Medhat Shafik Installation view courtesy Marcorossi Artecontemporanea

Molto spesso  usi per le tue opere materiali di riuso, ridai una nuova vita alle cose, perché?

Mi piace cercare l’anima del mondo nelle cose, la memoria degli elementi, degli oggetti, persi nella diaspora del mondo,  per potergli dare una dignità, un nuovo racconto. Trovo un pezzo di terracotta sulla battigia del mare e per me quel frammento  di terracotta, o di vetro o di legno è come se avesse fatto un viaggio infinito, nella mia fantasia era  una bottiglia, proveniente da Agadir, o da un tempio lontano.

Sono un archeologo dell’impossibile cerco di ricompattare gli oggetti per ricreare una completezza, con quel senso di nostalgia che accompagna i ricordi, la dolce malinconia che crea la vividezza, il valore, la poesia della vita.

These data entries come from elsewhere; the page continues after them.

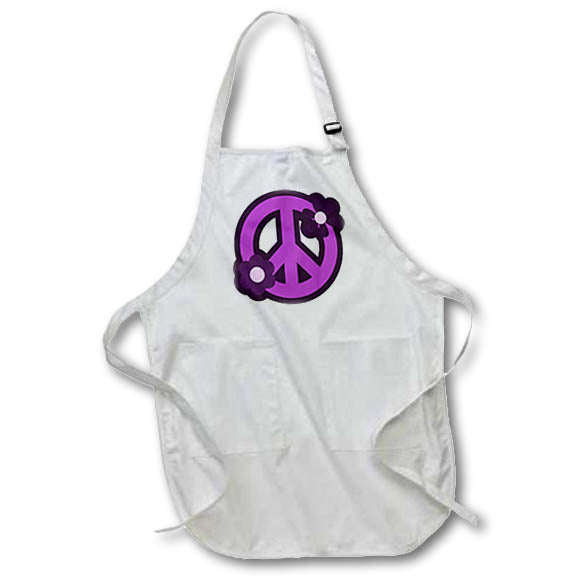 3dRose Anne Marie Baugh Sixties Retro - Purple Peace Sign With Purple Flowers - Aprons (apr_124607)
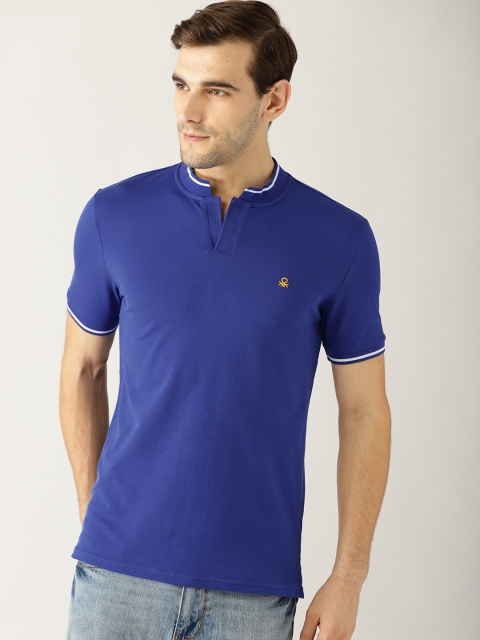 

United Colors of Benetton Men Blue Solid Stand Collar T-shirt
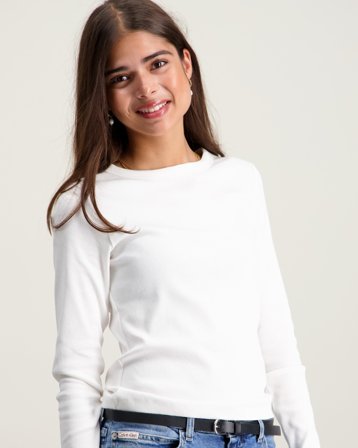 LMTD NLFHINAJA LS SOLID SHORT S TOP NOOS Hvid Toppe/Bluser Pige - Kids Brand Store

In alcuni tuoi lavori si percepisce l’horror vacui, la necessità di riempire gli spazi, ma è solo un vuoto fisico?

È un volere esprimere quella che è mia provenienza, il mio lievito, il mio sale, il mio liquido amniotico è la civiltà egizia, con tutte le sue contaminazioni. Vengo da un contesto che ha sussurri, ha un clangore, è una civiltà sontuosa, sono nato nella valle del Nilo, un luogo facile e pacifico, dove le cose si stratificano, si sedimentano, dove i rapporti sono aperti. È un luogo dove sono i commerci e i movimenti il sale della vita, dove non si dorme mai, i mercati sono sempre aperti e a qualsiasi ora trovi gente per la strada. Credo sia nostalgia di quel mio vissuto, di posti dove ti sembra sempre di essere in mezzo ad una festa.

Medhat Shafik Storie di confini courtesy Marcorossi Artecontemporanea

La tua ultima mostra da Marcorossi Artecontemporanea, si intitola  “Sahara”, nel deserto tutto si azzera e l’uomo si ritrova con la propria fragilità, è questo che volevi comunicare, la nostra fragilità come esseri umani?

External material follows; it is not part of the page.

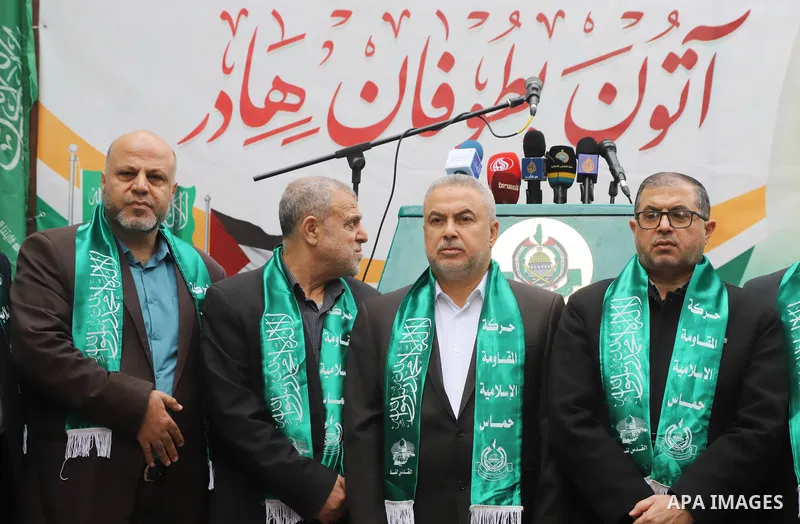 Hamas members attend a press conference to announce the start of the Hamas festival, in front of late Hamas leader Sheikh Ahmed Yassin in Gaza City on December 7, 2022. Photo by Youssef Abu Watfa \ apaimages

Esatto! È una metafora della vita odierna, mi è venuto in mente il Viandante su un mare di nebbia di Caspar David Friedrich che è poi diventato il manifesto del romanticismo, quest’uomo davanti a un mare di nebbia, che si affaccia da solo all’abisso del mondo. Come possiamo affrontare questa fragilità, con la tecnologia siamo diventati trasparenti, prevedibili, programmabili, sembrerebbe che questo ci permetta di essere in contatto col mondo, in realtà è un deserto c’è una grande solitudine dell’uomo in questo in questo scenario.

Nelle mie opere c’è un gesto di rivolta a tutto ciò, dinamico, irruento, come per spazzare via quella sabbia, per cercare bellezza, per cercare il colore come metafora della musica, della narrazione, della bellezza di vita, di etica, di tutto ciò che mancherebbe a una realtà contingente che è piena di variabili infinite e che ci rende in pericolo.

Il senso del vivere è vacuo, allarmante. Ed ecco la mia ricerca della bellezza, del senso della vita, non voglio soccombere a questo grande progetto globale che vuole renderci piatti, tutti uguali.

Medhat Shafik Sahara courtesy Marcorossi Artecontemporanea

Medhat, vorrei farti un’ultima domanda, il mestiere dell’artista è un mestiere difficile, lo sappiamo, secondo te oggi ha senso scegliere di fare questo mestiere?

Sempre! Oggi, ieri, e domani. Le difficoltà  sono il sale e il lievito delle cose. L’artista è tutto un insieme, è legato alla poesia, alla coscienza civile, all’espressione dell’inconscio collettivo, alla ricerca del senso pieno della vita.

Quando creo un’installazione  è come se rendessi il mio inconscio trasparente, attraversabile, vivibile, comunicante con gli altri. L’arte è un linguaggio, guai se stessimo sempre in silenzio. L’espressione artistica  è la magia della vita, è come respirare, è la ricerca di bellezza, la bellezza in quanto equilibrio, armonia, rispetto degli altri e della natura, del mondo sincretico dell’esistenza, il senso sacro dell’esistere.